Your assignment:
What you return must match the listing exactly, with every image removed.

Data provided:
((

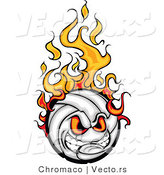 Cartoon Vector of an Intimidating Volleyball Ball Mascot on Fire with Evil Eyes and Gritting Teeth by Chromaco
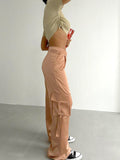 OOTDGIRL 2024 New Elegant Woman Satin Cargo Pants Womens in Snuff Colored - Noxlook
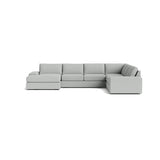 Blumen U Sectional in Natural Latex - Linen U Sectional Medley Juneberry Jicama 112" x 172" Chaise Right 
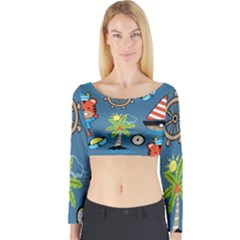 Seamless-pattern-with-sailing-cartoon Long Sleeve Crop Top by Jancukart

))

Expected answer:
 Cartoon Vector of an Intimidating Volleyball Ball Mascot on Fire with Evil Eyes and Gritting Teeth by Chromaco
 OOTDGIRL 2024 New Elegant Woman Satin Cargo Pants Womens in Snuff Colored - Noxlook
 Blumen U Sectional in Natural Latex - Linen U Sectional Medley Juneberry Jicama 112" x 172" Chaise Right 
 Seamless-pattern-with-sailing-cartoon Long Sleeve Crop Top by Jancukart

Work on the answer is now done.